Rechtliche Beurteilung

Das Gericht zweiter Instanz gab der Klage im Umfang der außer Streit stehenden Schadensbeträge mit Teilurteil statt, hob das Ersturteil im übrigen Umfang auf und erklärte die Revision bzw den Rekurs an den Obersten Gerichtshof für zulässig. Florian A*** sei auf Grund des festgestellten Vorlebens als untüchtig im Sinne des § 1315 ABGB anzusehen. Die beklagten Parteien hafteten für ihn nach ständiger Rechtsprechung und herrschender Lehre auch dann, wenn sie - wie hier - von seiner Untüchtigkeit nichts wüßten. Die Kausalität der Untüchtigkeit Florian A***s für den eingetretenen Schaden des Klägers ergebe sich aus dessen persönlichen Eigenschaften, nämlich dessen Neigung zu sinnloser Beschädigung fremden Eigentums im Zusammenhang mit Alkoholmißbrauch. Der Zweitbeklagte hätte übrigens auf Grund seiner Kenntnis von der Neigung Florian A***s zum Aloholmißbrauch diesem nicht sofort bei der Anstellung am 1.7.1988 einen Schlüssel zur Lagerhalle ohne entsprechende Überwachung aushändigen dürfen, so daß auch eine Verletzung der Überwachungspflicht auf Seiten des Zweitbeklagten vorliege. Die beklagten Parteien hätten sich durch Vertrag zu einem Paketzustelldienst zusammengeschlossen, sodaß sie für die Untüchtigkeit des Florian A*** gemäß § 1315 erster Fall ABGB solidarisch hafteten. Soweit der Anspruch des Klägers der Höhe nach bestritten sei, sei das Verfahren in erster Instanz zu ergänzen. Im Hinblick darauf, daß es sich hier um die Lösung eines Grenzfalles handle, der bei Beurteilung der Untüchtigkeit als "Dauerzustand" auch anders gelöst werden könnte, sei die Revision zuzulassen. Die gegen die Entscheidung des Berufungsgerichtes erhobene Revision und der dieser entnehmbare Rekurs der beklagten Parteien sind nicht berechtigt.
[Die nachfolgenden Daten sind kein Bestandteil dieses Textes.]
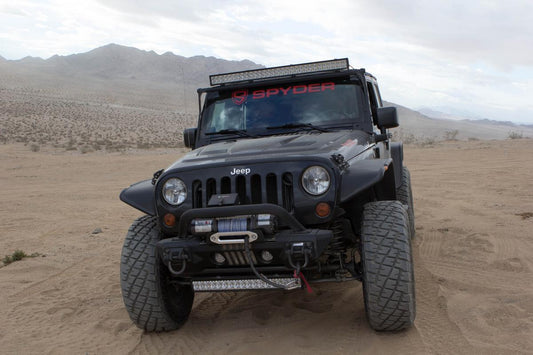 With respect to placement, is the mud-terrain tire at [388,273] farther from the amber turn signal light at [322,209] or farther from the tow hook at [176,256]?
the tow hook at [176,256]

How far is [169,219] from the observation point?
11.9ft

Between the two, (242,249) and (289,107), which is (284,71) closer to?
(289,107)

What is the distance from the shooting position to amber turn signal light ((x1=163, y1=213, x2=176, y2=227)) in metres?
3.61

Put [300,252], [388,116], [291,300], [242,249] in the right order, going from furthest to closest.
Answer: [388,116] < [291,300] < [242,249] < [300,252]

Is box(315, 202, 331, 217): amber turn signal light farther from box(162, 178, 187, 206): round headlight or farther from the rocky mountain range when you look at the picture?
the rocky mountain range

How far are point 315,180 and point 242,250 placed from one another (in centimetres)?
66

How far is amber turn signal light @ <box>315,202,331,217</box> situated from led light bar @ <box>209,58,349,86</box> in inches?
78.2

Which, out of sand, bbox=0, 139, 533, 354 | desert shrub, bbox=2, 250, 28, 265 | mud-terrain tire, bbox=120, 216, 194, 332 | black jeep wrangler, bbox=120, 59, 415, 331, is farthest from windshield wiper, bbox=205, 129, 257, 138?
desert shrub, bbox=2, 250, 28, 265

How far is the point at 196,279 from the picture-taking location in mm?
3703

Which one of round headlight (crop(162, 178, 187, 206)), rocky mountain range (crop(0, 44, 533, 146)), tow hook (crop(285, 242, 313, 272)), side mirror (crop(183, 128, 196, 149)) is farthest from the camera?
rocky mountain range (crop(0, 44, 533, 146))

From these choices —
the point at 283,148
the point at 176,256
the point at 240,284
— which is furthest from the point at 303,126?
the point at 176,256

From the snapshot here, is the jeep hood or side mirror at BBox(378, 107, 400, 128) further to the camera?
side mirror at BBox(378, 107, 400, 128)

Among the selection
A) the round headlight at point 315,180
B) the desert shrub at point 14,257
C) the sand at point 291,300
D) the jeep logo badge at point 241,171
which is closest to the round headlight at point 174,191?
the jeep logo badge at point 241,171

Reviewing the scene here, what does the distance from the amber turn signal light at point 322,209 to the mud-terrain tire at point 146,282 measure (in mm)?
1271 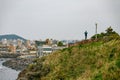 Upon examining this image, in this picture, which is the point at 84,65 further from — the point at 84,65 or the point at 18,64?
the point at 18,64

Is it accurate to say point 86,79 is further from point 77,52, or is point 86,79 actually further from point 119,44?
point 77,52

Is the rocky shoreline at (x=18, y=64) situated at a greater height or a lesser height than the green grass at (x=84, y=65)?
lesser

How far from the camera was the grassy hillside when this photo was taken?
22984 mm

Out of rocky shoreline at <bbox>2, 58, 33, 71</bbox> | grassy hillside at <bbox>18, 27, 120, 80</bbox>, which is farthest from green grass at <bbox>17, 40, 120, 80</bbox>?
rocky shoreline at <bbox>2, 58, 33, 71</bbox>

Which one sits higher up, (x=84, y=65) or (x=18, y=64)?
(x=84, y=65)

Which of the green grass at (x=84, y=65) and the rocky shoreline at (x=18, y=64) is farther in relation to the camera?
the rocky shoreline at (x=18, y=64)

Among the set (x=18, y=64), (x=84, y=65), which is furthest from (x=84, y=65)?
(x=18, y=64)

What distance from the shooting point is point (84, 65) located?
31656 mm

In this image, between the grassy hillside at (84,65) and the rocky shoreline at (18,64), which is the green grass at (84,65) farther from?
the rocky shoreline at (18,64)

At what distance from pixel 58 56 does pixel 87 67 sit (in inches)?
387

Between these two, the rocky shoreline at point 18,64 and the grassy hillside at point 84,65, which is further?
the rocky shoreline at point 18,64

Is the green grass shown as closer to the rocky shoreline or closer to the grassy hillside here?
the grassy hillside

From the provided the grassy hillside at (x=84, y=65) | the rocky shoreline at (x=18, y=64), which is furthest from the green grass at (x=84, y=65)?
the rocky shoreline at (x=18, y=64)

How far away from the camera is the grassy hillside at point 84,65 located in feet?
75.4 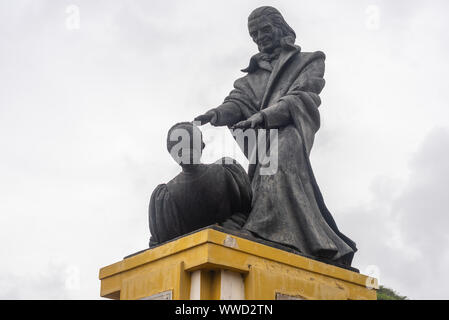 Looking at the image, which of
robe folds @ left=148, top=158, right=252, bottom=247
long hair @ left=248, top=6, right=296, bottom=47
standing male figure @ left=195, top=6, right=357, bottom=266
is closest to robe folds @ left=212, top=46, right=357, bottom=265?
standing male figure @ left=195, top=6, right=357, bottom=266

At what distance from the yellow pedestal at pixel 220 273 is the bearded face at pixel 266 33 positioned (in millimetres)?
2737

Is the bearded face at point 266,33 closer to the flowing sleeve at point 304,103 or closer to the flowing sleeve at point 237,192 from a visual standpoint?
the flowing sleeve at point 304,103

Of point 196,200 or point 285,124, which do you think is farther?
point 285,124

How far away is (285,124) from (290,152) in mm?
331

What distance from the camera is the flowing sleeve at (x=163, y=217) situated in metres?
6.38

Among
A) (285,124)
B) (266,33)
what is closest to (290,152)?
(285,124)

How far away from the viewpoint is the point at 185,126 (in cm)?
629

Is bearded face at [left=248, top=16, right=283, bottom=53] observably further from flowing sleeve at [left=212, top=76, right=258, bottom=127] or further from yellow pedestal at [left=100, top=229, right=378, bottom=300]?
yellow pedestal at [left=100, top=229, right=378, bottom=300]

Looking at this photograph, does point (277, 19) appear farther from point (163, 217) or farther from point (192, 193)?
point (163, 217)

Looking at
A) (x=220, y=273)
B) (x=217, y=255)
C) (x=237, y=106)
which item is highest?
(x=237, y=106)

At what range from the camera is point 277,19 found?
311 inches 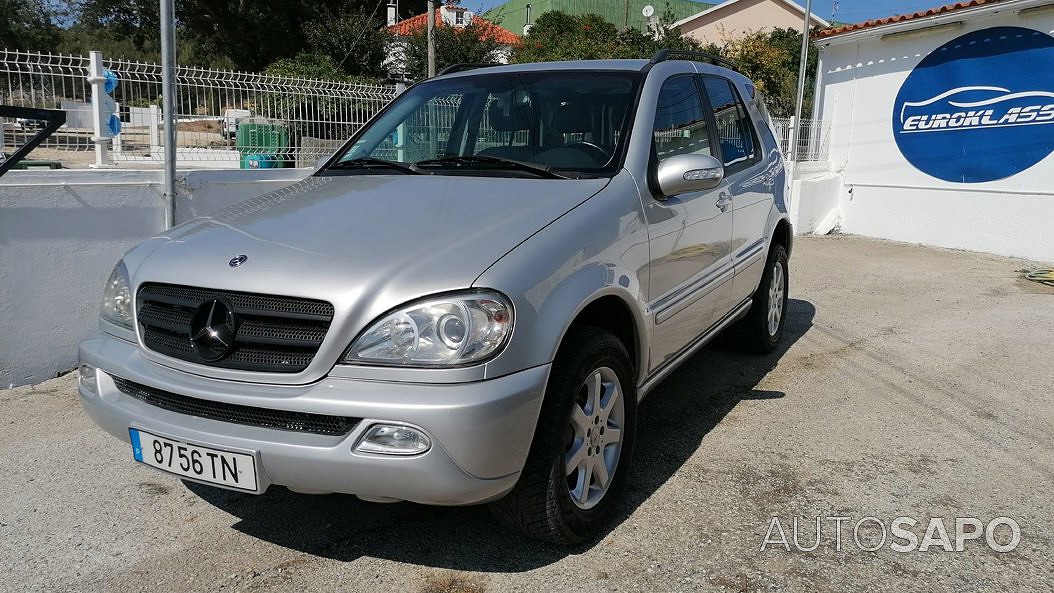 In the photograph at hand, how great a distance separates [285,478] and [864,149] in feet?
39.1

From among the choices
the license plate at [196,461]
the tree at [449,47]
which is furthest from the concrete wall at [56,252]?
the tree at [449,47]

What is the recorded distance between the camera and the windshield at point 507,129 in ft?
11.1

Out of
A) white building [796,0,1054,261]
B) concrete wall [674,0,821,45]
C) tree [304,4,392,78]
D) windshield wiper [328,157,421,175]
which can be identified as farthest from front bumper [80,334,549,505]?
concrete wall [674,0,821,45]

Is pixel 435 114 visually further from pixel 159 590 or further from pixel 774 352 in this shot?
pixel 774 352

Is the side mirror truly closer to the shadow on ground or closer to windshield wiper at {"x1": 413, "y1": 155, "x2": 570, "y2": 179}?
windshield wiper at {"x1": 413, "y1": 155, "x2": 570, "y2": 179}

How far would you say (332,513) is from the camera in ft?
10.5

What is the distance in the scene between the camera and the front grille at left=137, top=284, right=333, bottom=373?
2.38 metres

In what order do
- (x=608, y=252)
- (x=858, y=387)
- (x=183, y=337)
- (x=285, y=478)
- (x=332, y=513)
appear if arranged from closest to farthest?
(x=285, y=478)
(x=183, y=337)
(x=608, y=252)
(x=332, y=513)
(x=858, y=387)

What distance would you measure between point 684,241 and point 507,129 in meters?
0.97

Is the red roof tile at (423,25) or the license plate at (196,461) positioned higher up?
the red roof tile at (423,25)

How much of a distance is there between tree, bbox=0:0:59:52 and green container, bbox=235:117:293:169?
29.6m

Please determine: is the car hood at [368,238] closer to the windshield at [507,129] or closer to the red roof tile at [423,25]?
the windshield at [507,129]

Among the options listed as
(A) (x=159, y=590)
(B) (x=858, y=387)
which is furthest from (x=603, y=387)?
(B) (x=858, y=387)

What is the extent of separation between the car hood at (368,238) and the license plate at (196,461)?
0.51m
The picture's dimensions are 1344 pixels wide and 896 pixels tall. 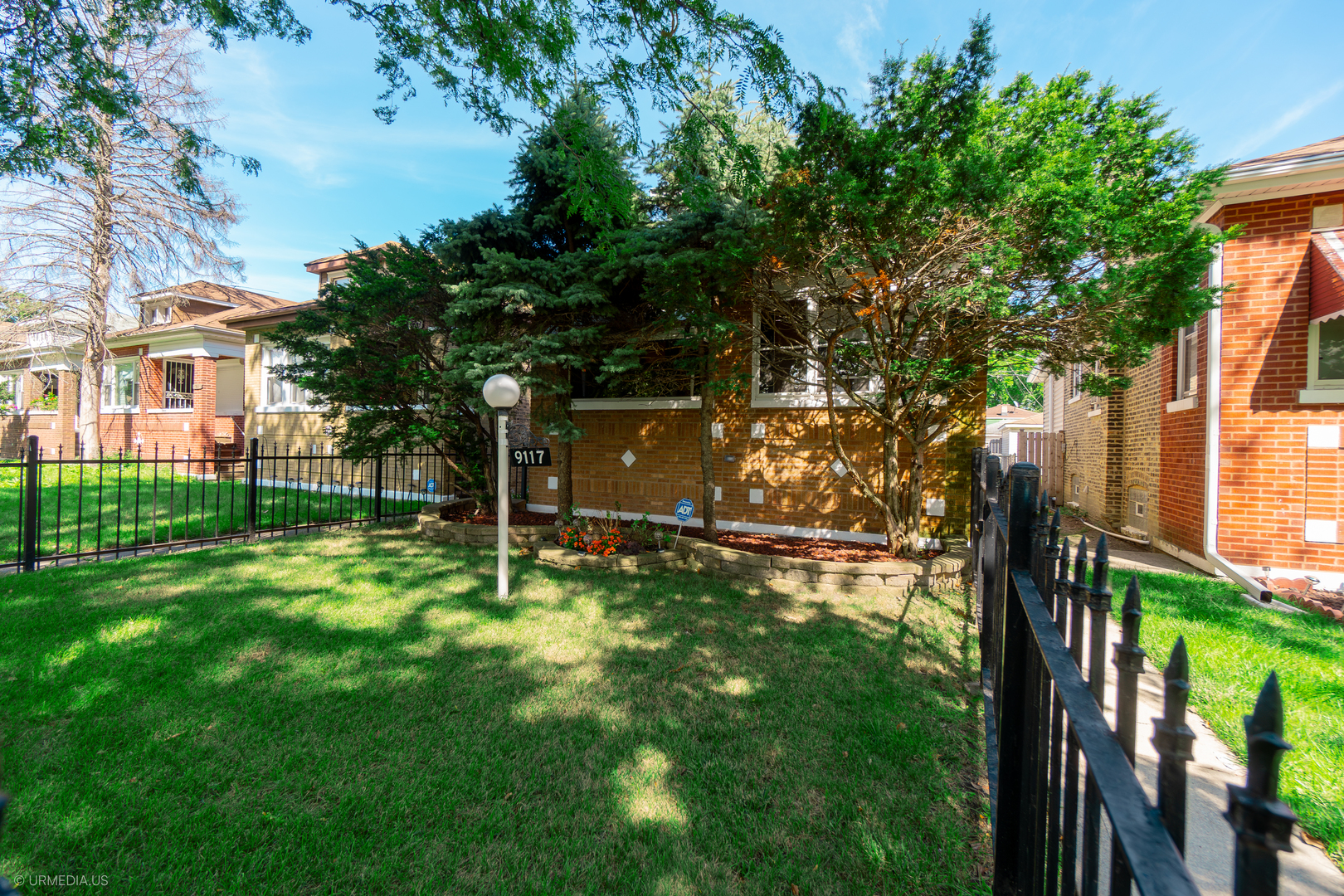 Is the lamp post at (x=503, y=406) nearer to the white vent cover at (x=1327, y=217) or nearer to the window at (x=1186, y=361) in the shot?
the window at (x=1186, y=361)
Wer sich zur Besorgung seiner Angelegenheiten einer untüchtigen Person bedient, haftet für den Schaden, den sie in dieser Eigenschaft einem Dritten zufügt (§ 1315 erster Fall ABGB). Der Grundgedanke der Besorgungsgehilfenhaftung ist die Verantwortlichkeit des Geshäftsherrn für den eigenen Herrschafts- und/oder Organisationsbereich (Reischauer in Rummel, ABGB, Rz 1 zu § 1315). Ist der Gehilfe in diesen Bereich eingegliedert, dann hat der Geschäftsherr für dessen Untüchtigkeit unabhängig davon einzustehen, ob er diese kannte oder kennen konnte bzw mußte; die Haftung für die Untüchtigkeit des Gehilfen besteht unabhängig von einem Verschulden des Geschäftsherrn (SZ 60/49; JBl 1986, 520 uam; Reischauer aaO Rz 3 mwH). Wie das Berufungsgericht zutreffend ausgeführt hat, ist die Untüchtigkeit als relativer Begriff die fehlende Eignung zu der zu verrichtenden Tätigkeit. Sie ist als habitueller Dauerzustand dahin zu verstehen, daß ein untüchtiger Besorgungsgehilfe mangels der erforderlichen Fähigkeiten (sei es nun der Mangel erforderlicher Kenntnisse oder persönlicher Eigenschaften oder das Vorliegen negativer Neigungen oder Eigenschaften) für die Ausübung der konkreten Tätigkeiten untüchtig ist. Dazu zählt auch der durch mehrere strafgerichtliche Verurteilungen dokumentierte Hang zur Delinquenz gegen fremdes Eigentum durch Sachbeschädigung, vor allem im Zustand der Alkoholisierung, dies insbesondere dann, wenn die bedungene Tätigkeit mit dem Zugang zu fremdem Eigentum verbunden ist. Hat der Geschäftsherr durch Übergabe der Schlüssel zu diesem Lagerraum einen ungeprüften Zugang zur Arbeitsstelle auch außerhalb der Arbeitszeiten ermöglicht, dann hat er für die auf diese Weise - wenn auch nicht bei der Besorgung der Geschäftstätigkeiten, sondern nur am zugänglich gemachten Arbeitsort - möglich gewordenen schädigenden Handlungen seines Gehilfen in seinem Geschäfts- und Organisationsbereich zu haften (vgl Reischauer aaO Rz 11). Die Entscheidung des Berufungsgerichtes beruht demnach auf einer zutreffenden rechtlichen Beurteilung, so daß sowohl die Revision gegen dessen Teilurteil, als auch der Rekurs gegen den Aufhebungsbeschluß erfolglos bleiben.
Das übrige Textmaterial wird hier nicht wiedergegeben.